* **What needs to be done**
Could you return each line from the one bearing "Smeraldo ovale verde" through the last line of the entries, exactly as it stands, with no pictures?

Source data:
=== Section Start ===

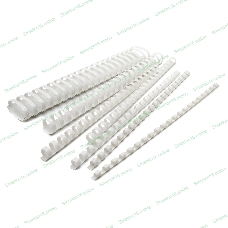 Пружины для переплета пластиковые Silwerhof d=12мм 56-80 лист A4 белый (100 шт) (1373587)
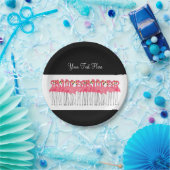 Roze flamingontwerp voor poolpartijen papieren bordje (Feest)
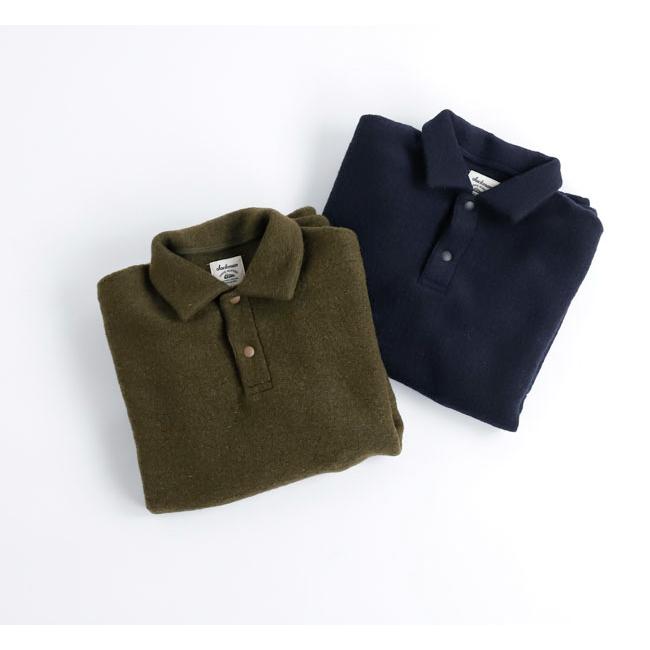 Jackman ジャックマン JM7583 ウールヒモポロ Wool HIMO Polo |  | 03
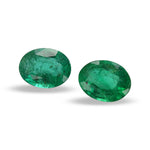 Smeraldo ovale verde colombiano da 3,00 carati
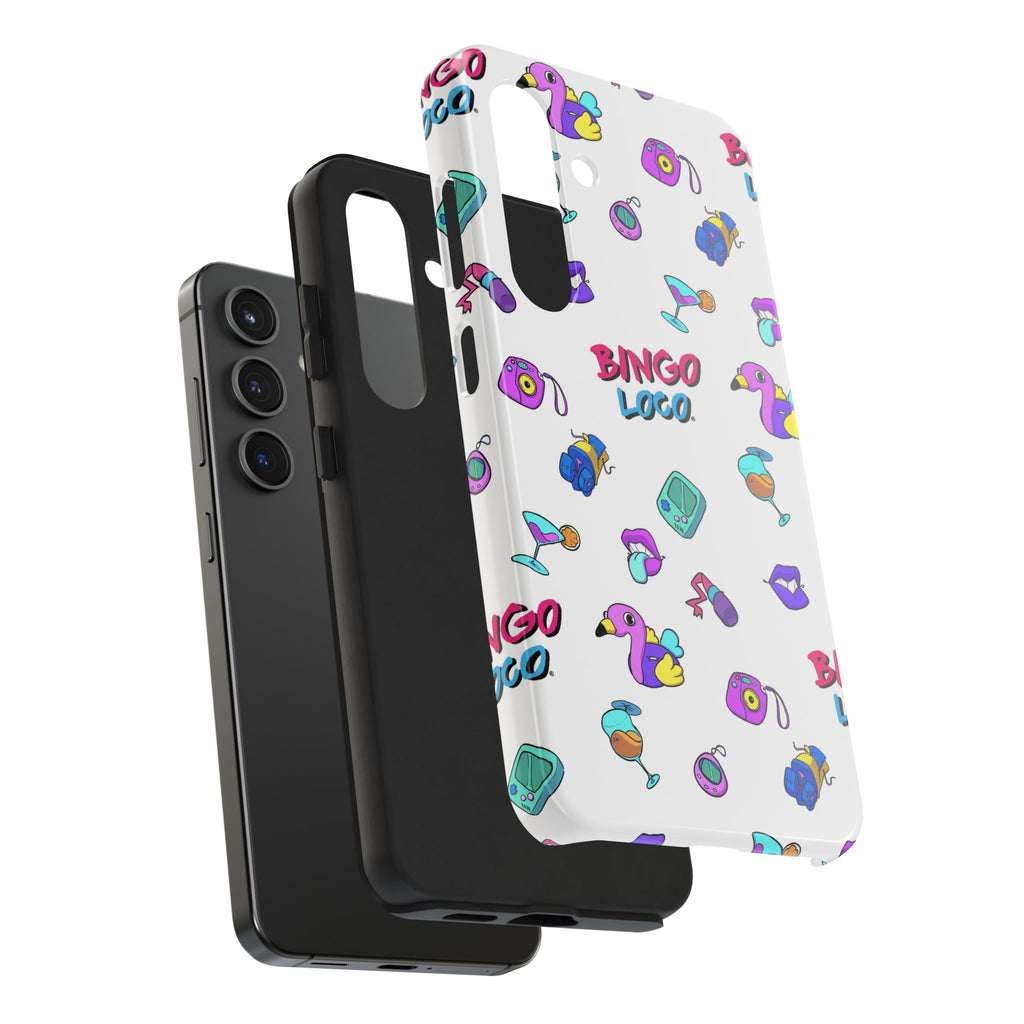 Bingo Loco Colorful Pattern Tough Phone Case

=== Section End ===

* **Your solution**
 Smeraldo ovale verde colombiano da 3,00 carati
 Bingo Loco Colorful Pattern Tough Phone Case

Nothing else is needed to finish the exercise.